*** DATA PROVIDED ***

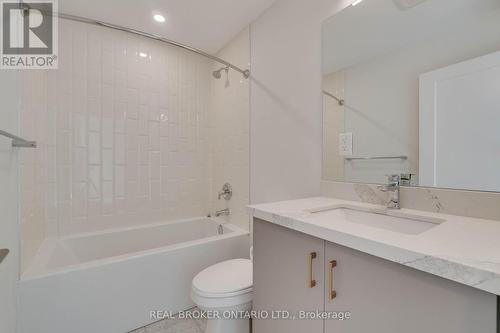 19 Grange Ave, Toronto, ON - Indoor Photo Showing Bathroom
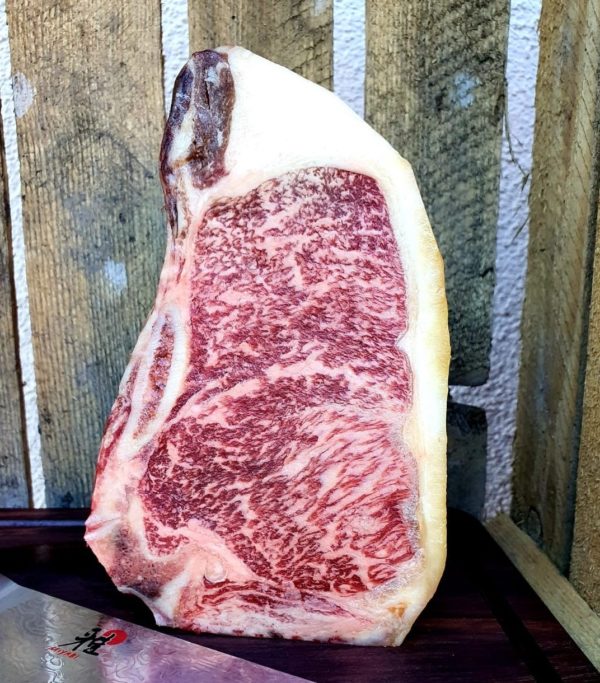 Clubsteak, Strip Loin in Bone vom Wagyu Rind, Dry Aged, New York Cut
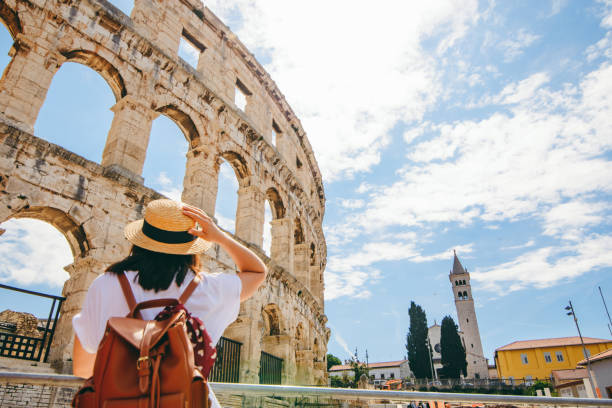 frau mit blick auf kolosseum in pula, kroatien - amphitheater pula stock-fotos und bilder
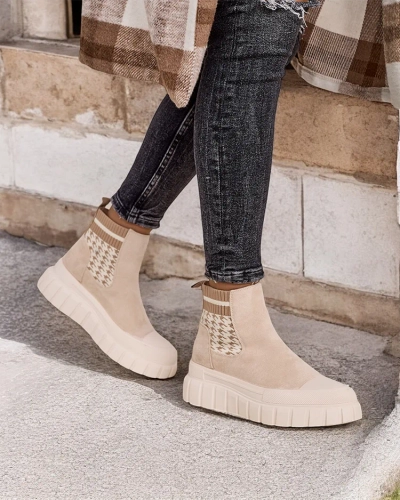 Дамски ботуши на прослойка Royalfashion Roniv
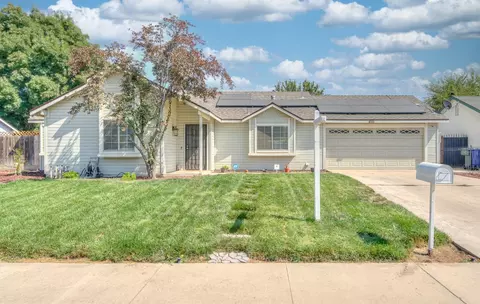 1154 Brehler Ave, Sanger, CA 93657
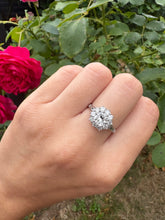 Load image into Gallery viewer, Platinum 1ct Diamond Cluster Ring
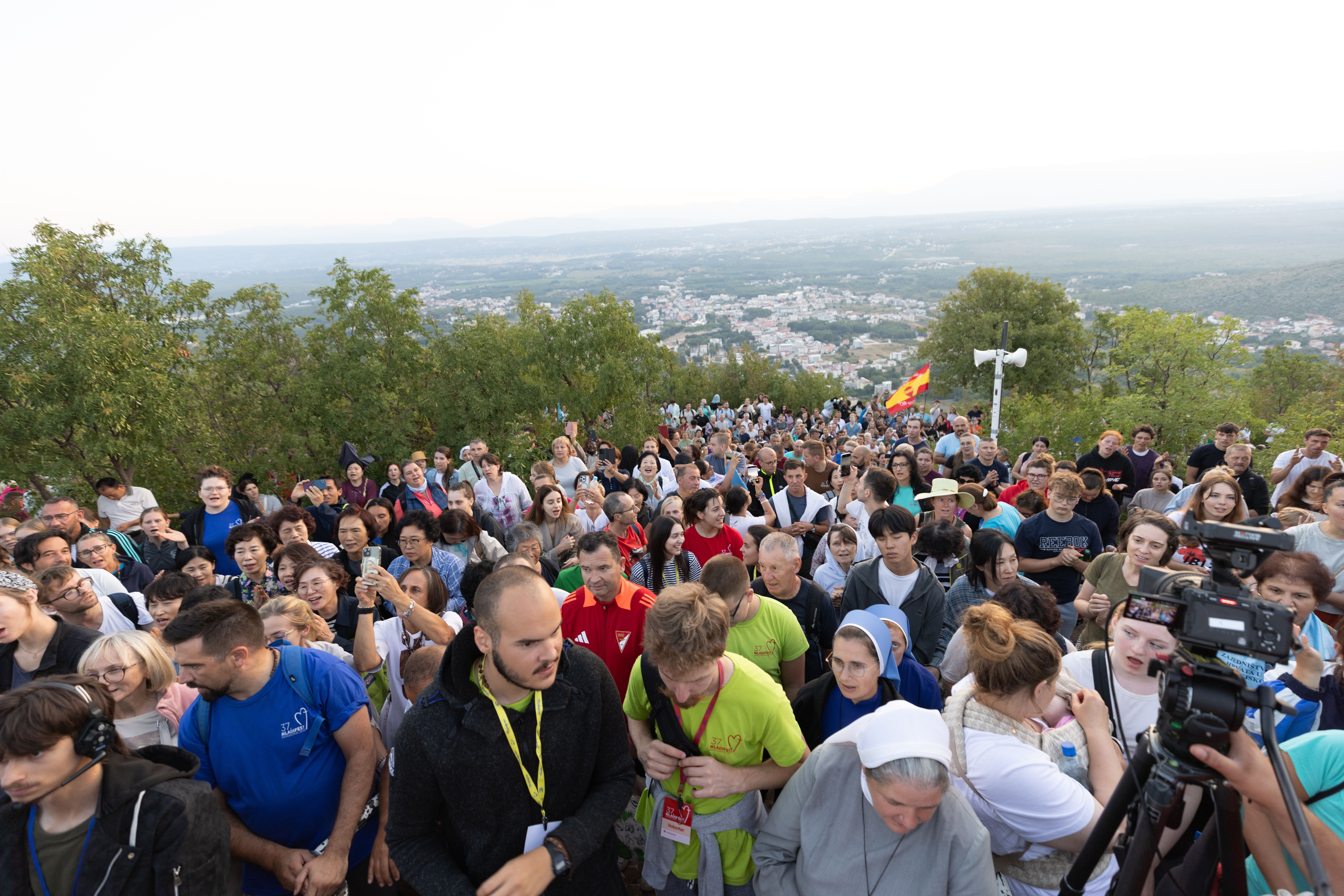 Pater Zvonimir Pavičić feiert zum Abschluss des 37. Jugendfestivals die Heilige Messe auf dem Kreuzberg: „Es ist immer schön, Gott nahe zu sein“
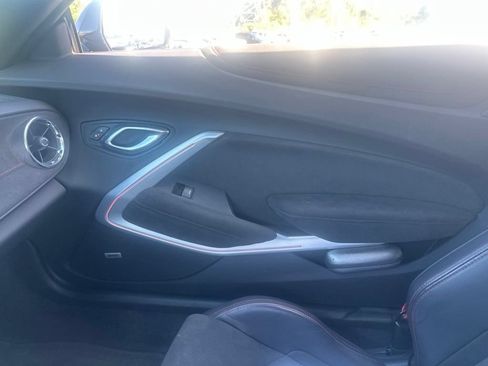 Used 2017 Chevrolet Camaro ZL1 RWD image 26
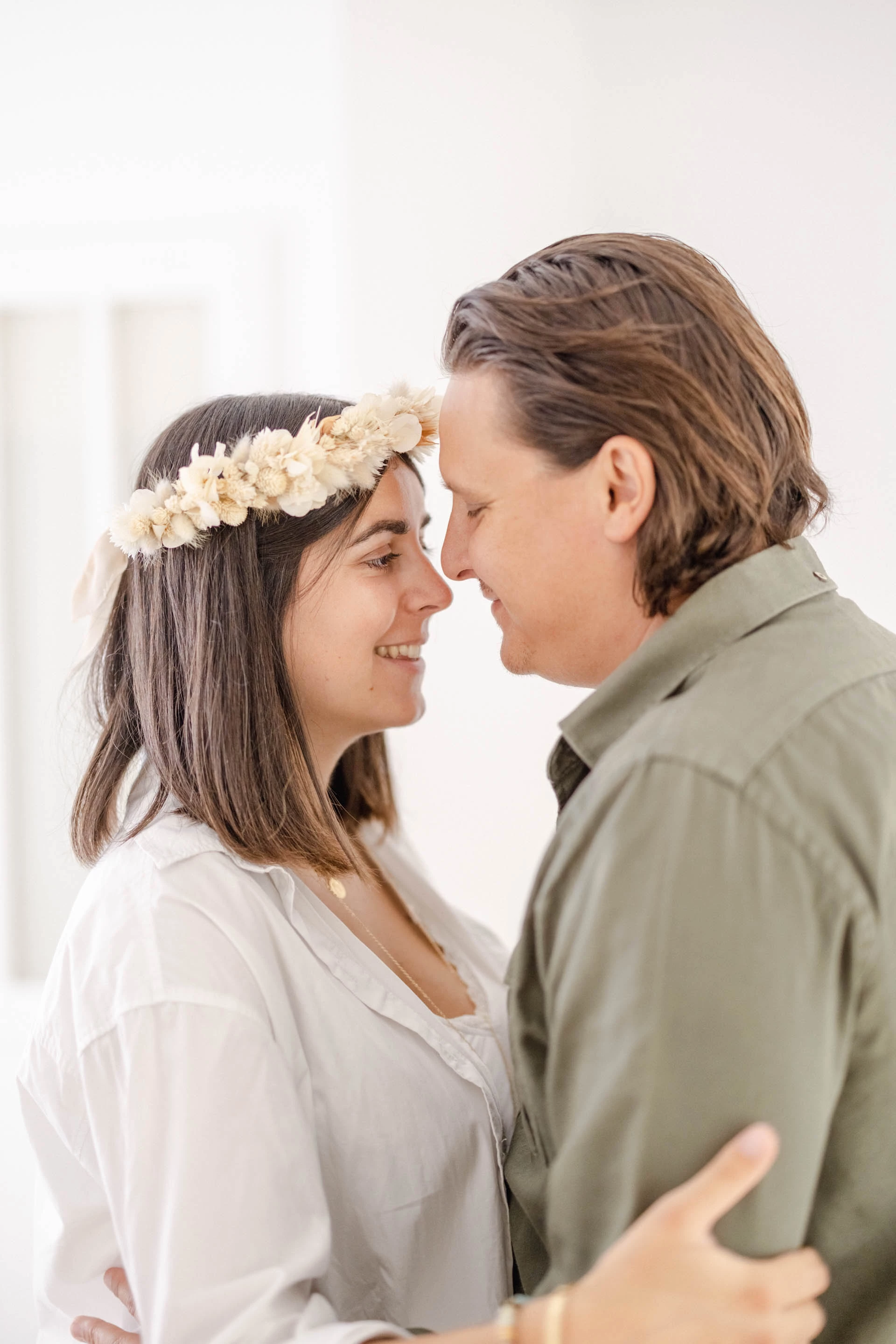 bonheur amour romance sourire cheveux longs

*** End of DATA PROVIDED ***

WHAT TO PRODUCE: Skipping any pictures, transcribe the full listing exactly.

SOLUTION TO THIS PROBLEM:
 19 Grange Ave, Toronto, ON - Indoor Photo Showing Bathroom
 Clubsteak, Strip Loin in Bone vom Wagyu Rind, Dry Aged, New York Cut
 frau mit blick auf kolosseum in pula, kroatien - amphitheater pula stock-fotos und bilder
 Дамски ботуши на прослойка Royalfashion Roniv
 1154 Brehler Ave, Sanger, CA 93657
 Load image into Gallery viewer, Platinum 1ct Diamond Cluster Ring
 Pater Zvonimir Pavičić feiert zum Abschluss des 37. Jugendfestivals die Heilige Messe auf dem Kreuzberg: „Es ist immer schön, Gott nahe zu sein“
 Used 2017 Chevrolet Camaro ZL1 RWD image 26
 bonheur amour romance sourire cheveux longs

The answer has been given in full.